►

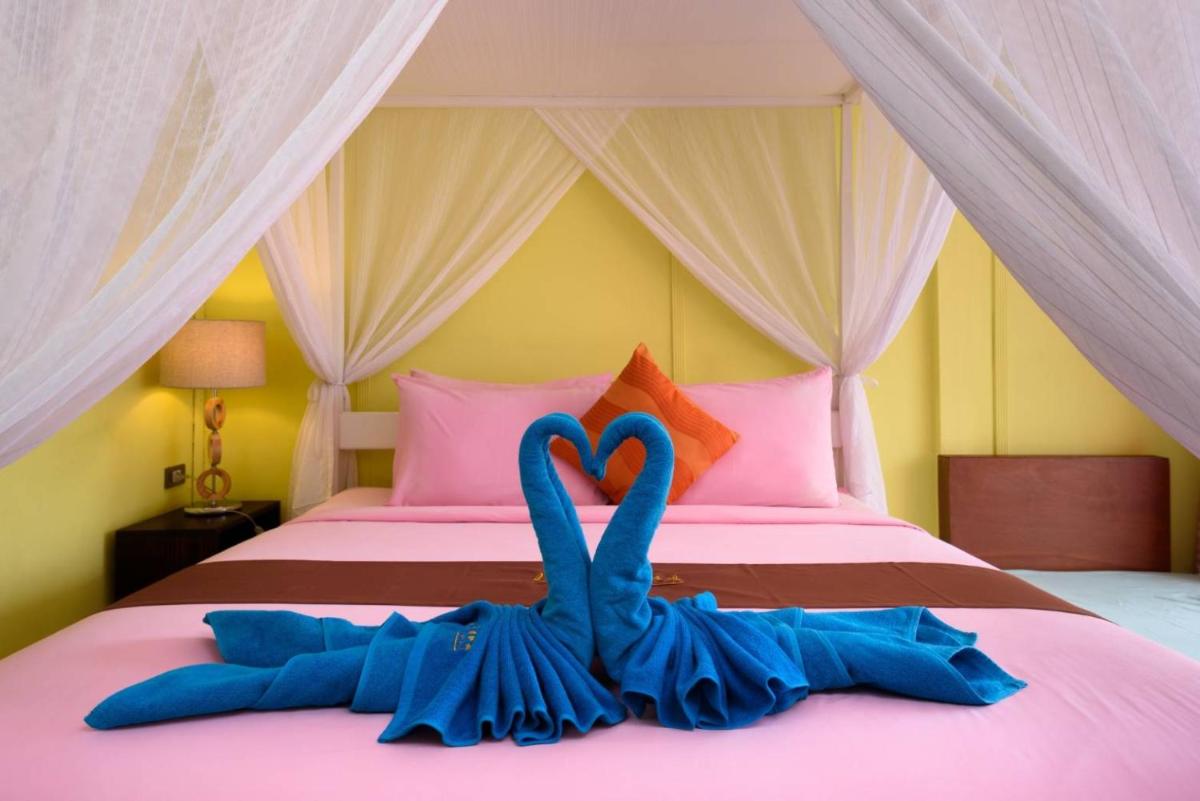 Lareena Resort Koh Larn Pattaya - Housity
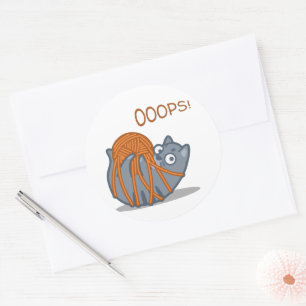 Sticker Rond OOOPS ! Drôle Chat Mignonne Joue Avec Boule En Fil
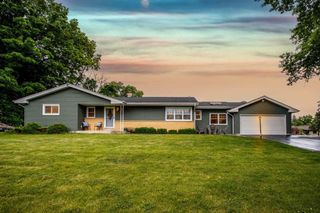 13540 W Dakota STREET, New Berlin, WI 53151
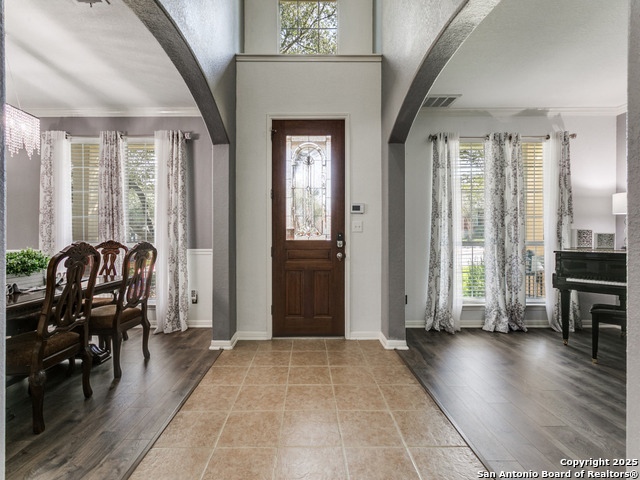 Listing photo id 1 for 26035 Laurel Pass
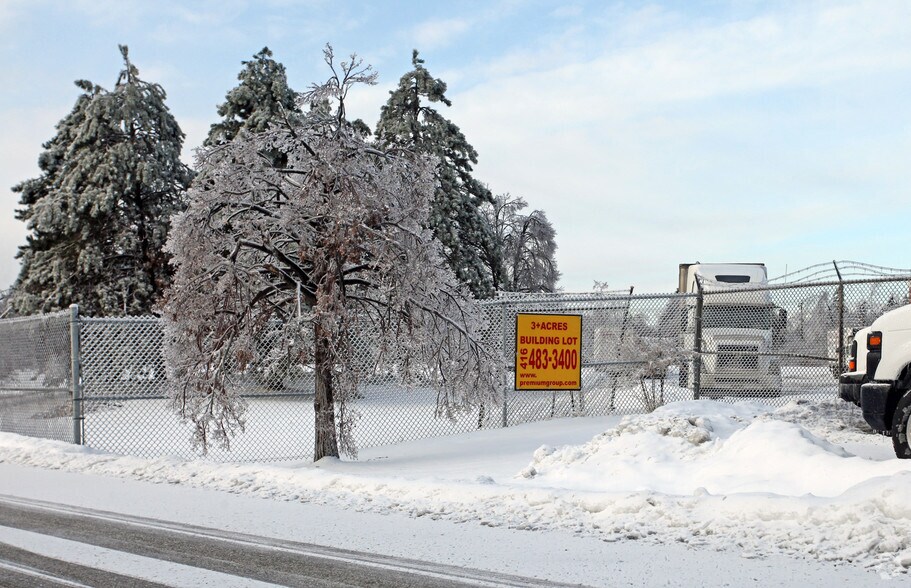 More Photos Of 121 Commander Blvd, Toronto Land For Sale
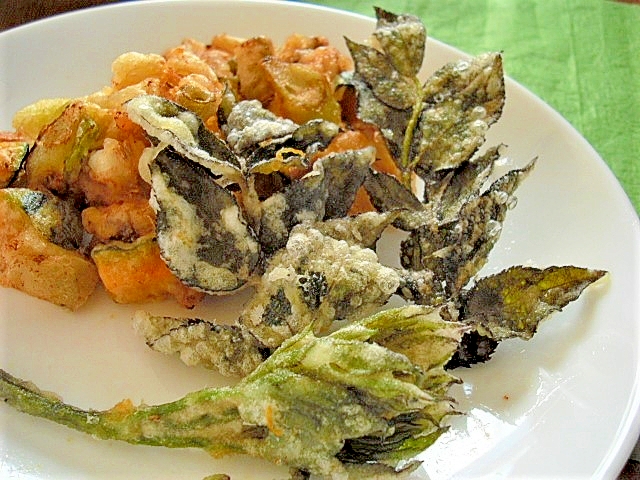 カリッと揚げてふわっと香る 山うどの天ぷら レシピ 作り方 By えびちり君 楽天レシピ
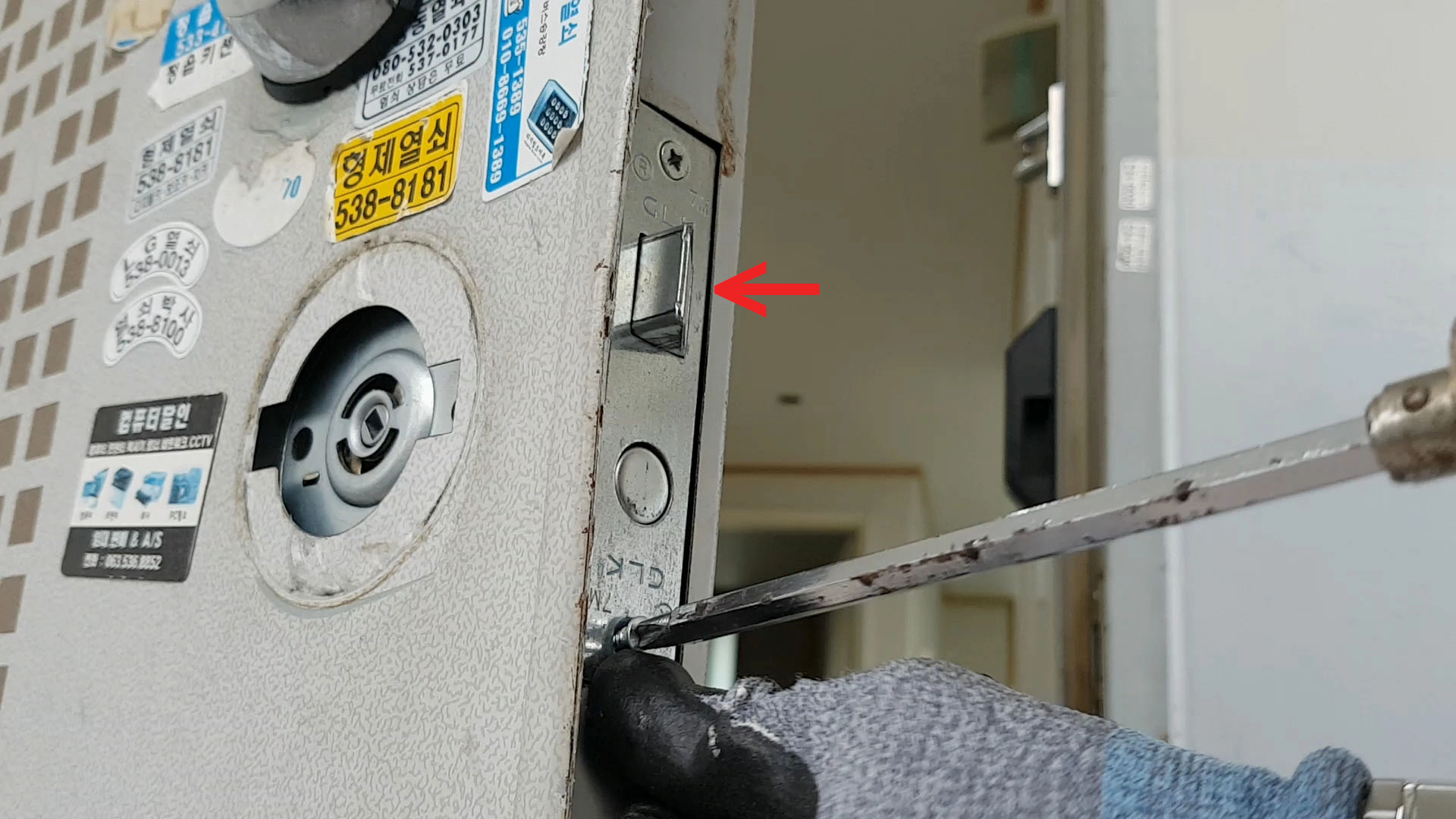 현관문 손잡이 옆면 부품 설치 모습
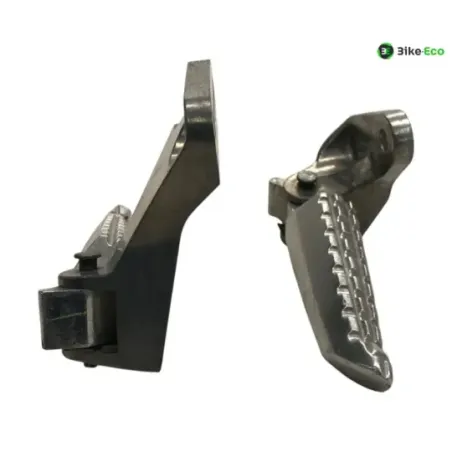 Platine et repose pieds arriere droit et gauche YAMAHA GPD 125 2017-2019 NMAX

◄

▸ The task:
Your output must consist only of the lines from the line with "More Photos Of" through the final line of the data, both included, reproduced exactly and free of pictures.

▸ Task output:
 More Photos Of 121 Commander Blvd, Toronto Land For Sale
 カリッと揚げてふわっと香る 山うどの天ぷら レシピ 作り方 By えびちり君 楽天レシピ
 현관문 손잡이 옆면 부품 설치 모습
 Platine et repose pieds arriere droit et gauche YAMAHA GPD 125 2017-2019 NMAX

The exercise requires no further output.